Hatice Arslan konuşmasının son bölümünde ise Türk kadınlarının tarihte başardıkları işlerle gurur duyması gerektiğne vurgu yaparak Anneler Gününün onun için guru duyulacak ve kutlanacak bir bayram olduğunu dile getirdi ve konuşmasını şöyle bitirdi:

            “Üç arz kıtasını sarsan ve dünya tarihine harika kahramanlıkları ve medeni hamleleriyle dolduran Türk nesilleri bugün büyük bir heyecan içinde güzel günün kutladığımız analardan doğmuştur.

            Türk milleti kadınıyla erkeğiyle büyüktür, asildir, üstündür. Ey Türk anası, sen ki doğurduğun kahraman ve inkılâpçı evlatlarınla dün olduğu gibi bugün de dünya milletlerinin hürmet ve hayranlıkları içinde birleşen bir varlığa sahipsin. Sen ki en zorlu anlarda erkek gibi tarlada kahraman gibi savaş alanlarında boy gösterensin. Sen ki Sakarya yaratan Mehmetlerin çocuklarını arkanda top mermilerini göğsünde taşıyansın. Sen ki, fedakârlık öne sürüldüğü zaman varını yoğunu kılını kıpırdatmadan bu vatana hediye edensin. Sana bu vatan cihan da hayrandır.
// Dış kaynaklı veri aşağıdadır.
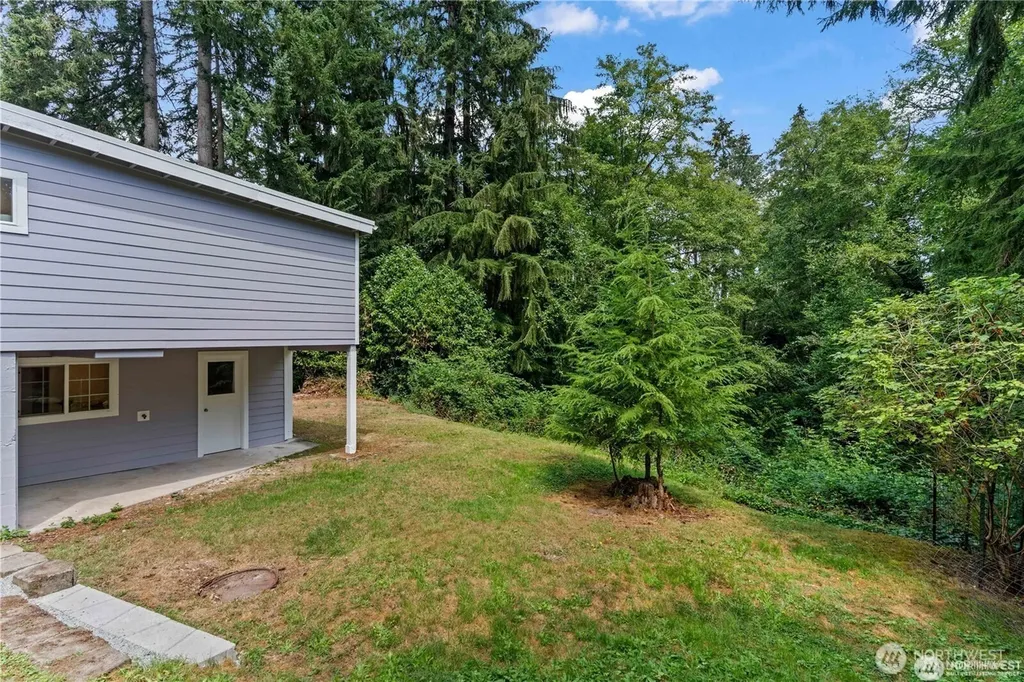 2749 Parkway Drive W University Place WA 98466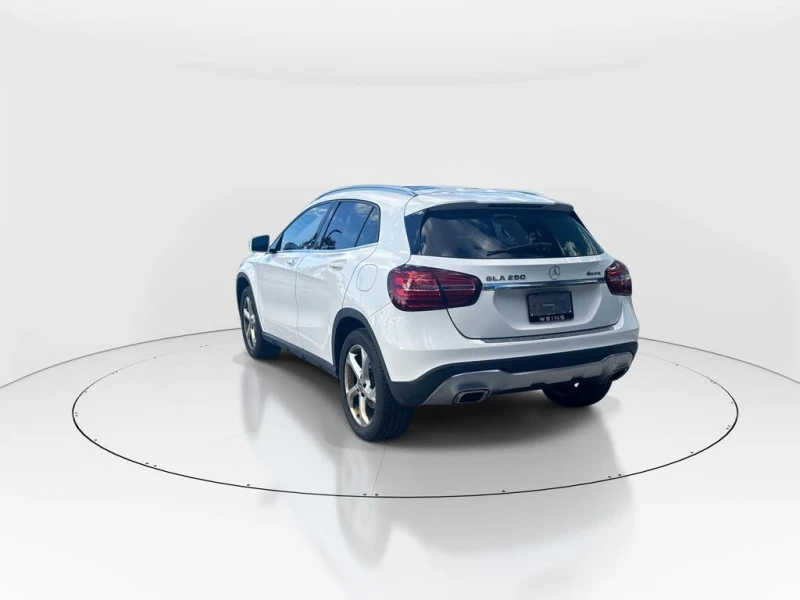 Mercedes-Benz GLA 250 4MATIC ПОДГРЕВ* PANO* CAM* CARPLAY* KEYLESS* , снимка 3 - Автомобили и джипове - 52838072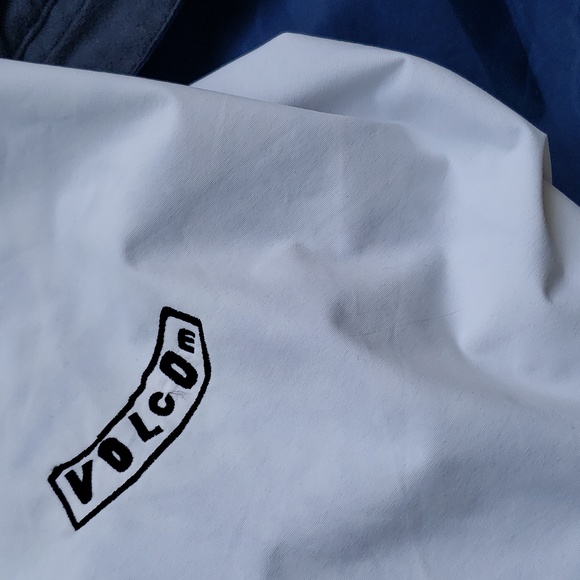 Volcom Men's snowboard ski jacket S navy white good condition - Picture 3 of 11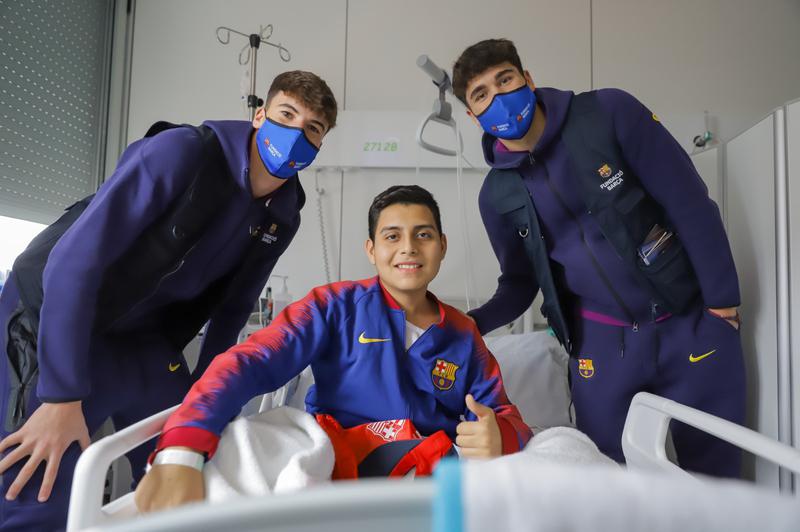 Els jugadors del Barça Joan García, Pau Cubarsí, Marc Bernal i Jofre Torrents visiten l'Hospital Can Ruti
            Ey Türk anası, gururlan, yüksek başını bir kere daha göklere doğru kaldır. Çünkü sen insan cemiyetinin en çok ihtiram en çok taziz ve takdise layık olan anasısın. Güzel bayramınız hepinize kutlu olsun.”
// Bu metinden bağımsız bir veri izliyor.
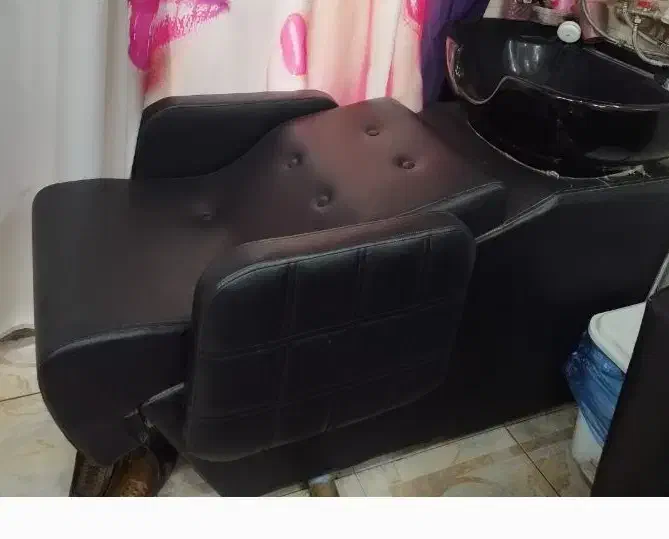 یک عدد میز سرشور درحدنو|آرایشگاه و سالنهای زیبایی|تهران, یاخجی آباد|دیوار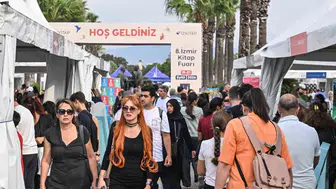 İzmir Kitap Fuarı İZKİTAP’ta yazar buluşmaları devam ediyor
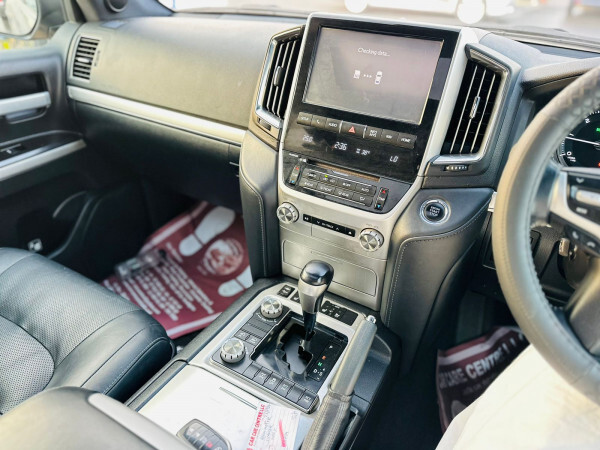 Toyota Land Cruiser 2018 (right-hand-drive)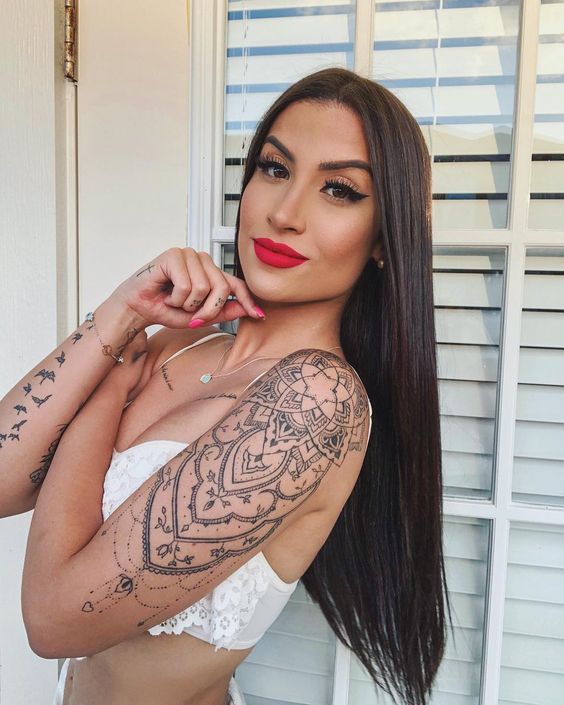 tatuagem feminina braço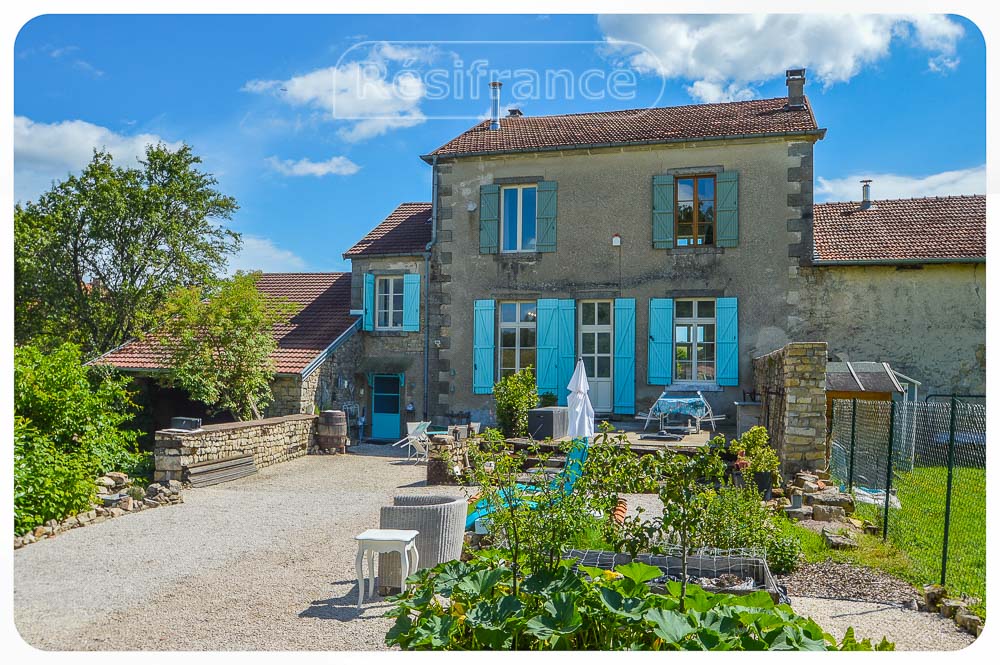 Stijlvol maison de caractère met mooie tuin en uitzicht, Haute-Marne, Frankrijk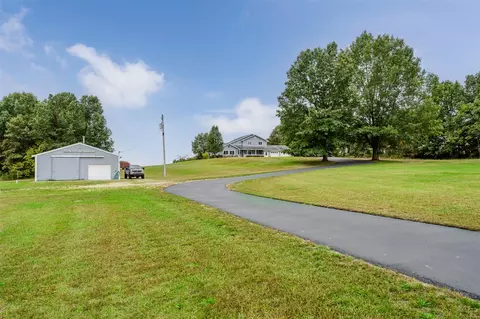 Exterior - 6660 Pine, Benton Harbor, MI 49022 photo 11 of 15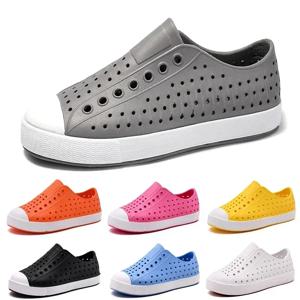 새로운 어린이 동굴 신발 여름 샌들 소년 소녀 정원 나막신 EVA 슬립 스포츠 샌들 남여 경량 야외 해변 물 신발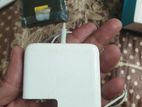 APPLE MACBOOK CHARGER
            Bunu Çanakkale Ortaokulu 3.sınıf öğrencilerinden Sevinç Tanyel’in okuduğu “Anne” isimli şiiri izledi. Şiir şöyleydi:

            “Anne, hep şefkat, iyilik ve sevgi, / Anne, feragatin en güzel heykeli.

            Cemiyetin tacı, yurdun gururu o, /  Mürebbisi, ruhu, şevki, süruru o.

            Bir ışık ki, fecri, grubu ören o, / Ruha ilham ve şiire renk veren o.

            Her haliyle güzel, güzelde her şey o, / Kalplerde ürperen ilahi bir şey o…

            Fakat yurdun zorlu zamanı geldi mi? / Kükrer arslan gibi, hasmı yaman vurur,

            Erzurum’da kılıç, Sakarya’da mermi, / Vatanın en büyük kahramanı olur.”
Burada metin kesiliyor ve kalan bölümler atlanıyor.